Content starts

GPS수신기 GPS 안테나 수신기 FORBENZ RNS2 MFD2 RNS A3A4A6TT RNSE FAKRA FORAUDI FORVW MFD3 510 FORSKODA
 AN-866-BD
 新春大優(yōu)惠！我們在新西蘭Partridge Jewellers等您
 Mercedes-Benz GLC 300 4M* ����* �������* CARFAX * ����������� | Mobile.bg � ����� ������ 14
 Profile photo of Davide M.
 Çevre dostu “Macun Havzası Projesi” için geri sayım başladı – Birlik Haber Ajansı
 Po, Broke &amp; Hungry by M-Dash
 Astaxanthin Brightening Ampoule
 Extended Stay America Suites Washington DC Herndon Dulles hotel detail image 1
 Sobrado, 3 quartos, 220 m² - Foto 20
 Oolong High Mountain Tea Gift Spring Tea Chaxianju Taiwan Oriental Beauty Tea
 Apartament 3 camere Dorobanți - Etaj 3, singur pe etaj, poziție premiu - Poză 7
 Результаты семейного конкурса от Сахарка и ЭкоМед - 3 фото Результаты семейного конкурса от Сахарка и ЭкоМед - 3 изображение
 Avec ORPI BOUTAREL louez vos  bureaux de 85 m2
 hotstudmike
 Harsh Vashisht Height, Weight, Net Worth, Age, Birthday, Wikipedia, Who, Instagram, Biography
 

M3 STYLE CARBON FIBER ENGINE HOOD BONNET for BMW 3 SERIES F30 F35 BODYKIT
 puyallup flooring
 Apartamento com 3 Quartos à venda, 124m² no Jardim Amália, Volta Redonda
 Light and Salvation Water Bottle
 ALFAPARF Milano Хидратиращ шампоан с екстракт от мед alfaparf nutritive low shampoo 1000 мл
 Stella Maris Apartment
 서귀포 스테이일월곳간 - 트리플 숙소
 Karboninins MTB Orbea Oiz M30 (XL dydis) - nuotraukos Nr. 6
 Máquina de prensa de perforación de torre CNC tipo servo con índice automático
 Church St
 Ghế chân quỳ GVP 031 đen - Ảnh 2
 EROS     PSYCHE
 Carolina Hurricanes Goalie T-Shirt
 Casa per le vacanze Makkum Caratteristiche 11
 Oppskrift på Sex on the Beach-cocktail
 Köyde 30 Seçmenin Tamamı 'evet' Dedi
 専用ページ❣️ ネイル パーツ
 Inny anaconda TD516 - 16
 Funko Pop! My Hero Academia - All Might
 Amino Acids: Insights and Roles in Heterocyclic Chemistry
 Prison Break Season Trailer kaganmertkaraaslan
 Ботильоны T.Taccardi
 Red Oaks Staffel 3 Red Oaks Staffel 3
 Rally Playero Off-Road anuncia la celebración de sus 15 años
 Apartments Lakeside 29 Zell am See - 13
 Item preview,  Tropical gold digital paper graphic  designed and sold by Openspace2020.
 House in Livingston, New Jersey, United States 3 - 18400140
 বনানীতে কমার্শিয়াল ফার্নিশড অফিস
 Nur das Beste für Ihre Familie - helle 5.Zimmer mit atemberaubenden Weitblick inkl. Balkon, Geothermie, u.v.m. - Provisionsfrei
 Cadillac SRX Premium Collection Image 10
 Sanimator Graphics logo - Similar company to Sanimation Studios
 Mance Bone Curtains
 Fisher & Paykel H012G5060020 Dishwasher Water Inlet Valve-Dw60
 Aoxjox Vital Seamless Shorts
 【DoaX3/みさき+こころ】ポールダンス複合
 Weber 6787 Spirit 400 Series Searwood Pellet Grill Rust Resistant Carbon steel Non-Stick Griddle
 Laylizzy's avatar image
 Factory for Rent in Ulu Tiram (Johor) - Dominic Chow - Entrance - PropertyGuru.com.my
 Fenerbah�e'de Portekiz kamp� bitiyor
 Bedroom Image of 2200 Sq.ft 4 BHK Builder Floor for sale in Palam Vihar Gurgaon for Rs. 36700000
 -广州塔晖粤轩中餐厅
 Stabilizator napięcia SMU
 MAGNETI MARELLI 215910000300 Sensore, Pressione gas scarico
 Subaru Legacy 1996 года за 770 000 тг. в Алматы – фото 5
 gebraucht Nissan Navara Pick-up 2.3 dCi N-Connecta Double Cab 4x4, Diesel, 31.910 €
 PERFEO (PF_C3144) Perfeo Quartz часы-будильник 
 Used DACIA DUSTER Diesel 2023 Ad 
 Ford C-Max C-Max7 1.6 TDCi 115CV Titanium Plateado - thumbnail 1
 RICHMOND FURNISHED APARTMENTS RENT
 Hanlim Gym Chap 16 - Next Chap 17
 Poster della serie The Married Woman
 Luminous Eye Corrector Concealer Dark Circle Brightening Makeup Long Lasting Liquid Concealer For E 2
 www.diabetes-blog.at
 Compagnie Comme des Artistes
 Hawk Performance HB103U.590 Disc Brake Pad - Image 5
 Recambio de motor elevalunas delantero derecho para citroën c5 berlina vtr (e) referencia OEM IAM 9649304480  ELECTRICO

Content ends

▸ Exercise directions
Line by line, transcribe all of the records exactly.

▸ Response area
GPS수신기 GPS 안테나 수신기 FORBENZ RNS2 MFD2 RNS A3A4A6TT RNSE FAKRA FORAUDI FORVW MFD3 510 FORSKODA
 AN-866-BD
 新春大優(yōu)惠！我們在新西蘭Partridge Jewellers等您
 Mercedes-Benz GLC 300 4M* ����* �������* CARFAX * ����������� | Mobile.bg � ����� ������ 14
 Profile photo of Davide M.
 Çevre dostu “Macun Havzası Projesi” için geri sayım başladı – Birlik Haber Ajansı
 Po, Broke &amp; Hungry by M-Dash
 Astaxanthin Brightening Ampoule
 Extended Stay America Suites Washington DC Herndon Dulles hotel detail image 1
 Sobrado, 3 quartos, 220 m² - Foto 20
 Oolong High Mountain Tea Gift Spring Tea Chaxianju Taiwan Oriental Beauty Tea
 Apartament 3 camere Dorobanți - Etaj 3, singur pe etaj, poziție premiu - Poză 7
 Результаты семейного конкурса от Сахарка и ЭкоМед - 3 фото Результаты семейного конкурса от Сахарка и ЭкоМед - 3 изображение
 Avec ORPI BOUTAREL louez vos  bureaux de 85 m2
 hotstudmike
 Harsh Vashisht Height, Weight, Net Worth, Age, Birthday, Wikipedia, Who, Instagram, Biography
 

M3 STYLE CARBON FIBER ENGINE HOOD BONNET for BMW 3 SERIES F30 F35 BODYKIT
 puyallup flooring
 Apartamento com 3 Quartos à venda, 124m² no Jardim Amália, Volta Redonda
 Light and Salvation Water Bottle
 ALFAPARF Milano Хидратиращ шампоан с екстракт от мед alfaparf nutritive low shampoo 1000 мл
 Stella Maris Apartment
 서귀포 스테이일월곳간 - 트리플 숙소
 Karboninins MTB Orbea Oiz M30 (XL dydis) - nuotraukos Nr. 6
 Máquina de prensa de perforación de torre CNC tipo servo con índice automático
 Church St
 Ghế chân quỳ GVP 031 đen - Ảnh 2
 EROS     PSYCHE
 Carolina Hurricanes Goalie T-Shirt
 Casa per le vacanze Makkum Caratteristiche 11
 Oppskrift på Sex on the Beach-cocktail
 Köyde 30 Seçmenin Tamamı 'evet' Dedi
 専用ページ❣️ ネイル パーツ
 Inny anaconda TD516 - 16
 Funko Pop! My Hero Academia - All Might
 Amino Acids: Insights and Roles in Heterocyclic Chemistry
 Prison Break Season Trailer kaganmertkaraaslan
 Ботильоны T.Taccardi
 Red Oaks Staffel 3 Red Oaks Staffel 3
 Rally Playero Off-Road anuncia la celebración de sus 15 años
 Apartments Lakeside 29 Zell am See - 13
 Item preview,  Tropical gold digital paper graphic  designed and sold by Openspace2020.
 House in Livingston, New Jersey, United States 3 - 18400140
 বনানীতে কমার্শিয়াল ফার্নিশড অফিস
 Nur das Beste für Ihre Familie - helle 5.Zimmer mit atemberaubenden Weitblick inkl. Balkon, Geothermie, u.v.m. - Provisionsfrei
 Cadillac SRX Premium Collection Image 10
 Sanimator Graphics logo - Similar company to Sanimation Studios
 Mance Bone Curtains
 Fisher & Paykel H012G5060020 Dishwasher Water Inlet Valve-Dw60
 Aoxjox Vital Seamless Shorts
 【DoaX3/みさき+こころ】ポールダンス複合
 Weber 6787 Spirit 400 Series Searwood Pellet Grill Rust Resistant Carbon steel Non-Stick Griddle
 Laylizzy's avatar image
 Factory for Rent in Ulu Tiram (Johor) - Dominic Chow - Entrance - PropertyGuru.com.my
 Fenerbah�e'de Portekiz kamp� bitiyor
 Bedroom Image of 2200 Sq.ft 4 BHK Builder Floor for sale in Palam Vihar Gurgaon for Rs. 36700000
 -广州塔晖粤轩中餐厅
 Stabilizator napięcia SMU
 MAGNETI MARELLI 215910000300 Sensore, Pressione gas scarico
 Subaru Legacy 1996 года за 770 000 тг. в Алматы – фото 5
 gebraucht Nissan Navara Pick-up 2.3 dCi N-Connecta Double Cab 4x4, Diesel, 31.910 €
 PERFEO (PF_C3144) Perfeo Quartz часы-будильник 
 Used DACIA DUSTER Diesel 2023 Ad 
 Ford C-Max C-Max7 1.6 TDCi 115CV Titanium Plateado - thumbnail 1
 RICHMOND FURNISHED APARTMENTS RENT
 Hanlim Gym Chap 16 - Next Chap 17
 Poster della serie The Married Woman
 Luminous Eye Corrector Concealer Dark Circle Brightening Makeup Long Lasting Liquid Concealer For E 2
 www.diabetes-blog.at
 Compagnie Comme des Artistes
 Hawk Performance HB103U.590 Disc Brake Pad - Image 5
 Recambio de motor elevalunas delantero derecho para citroën c5 berlina vtr (e) referencia OEM IAM 9649304480  ELECTRICO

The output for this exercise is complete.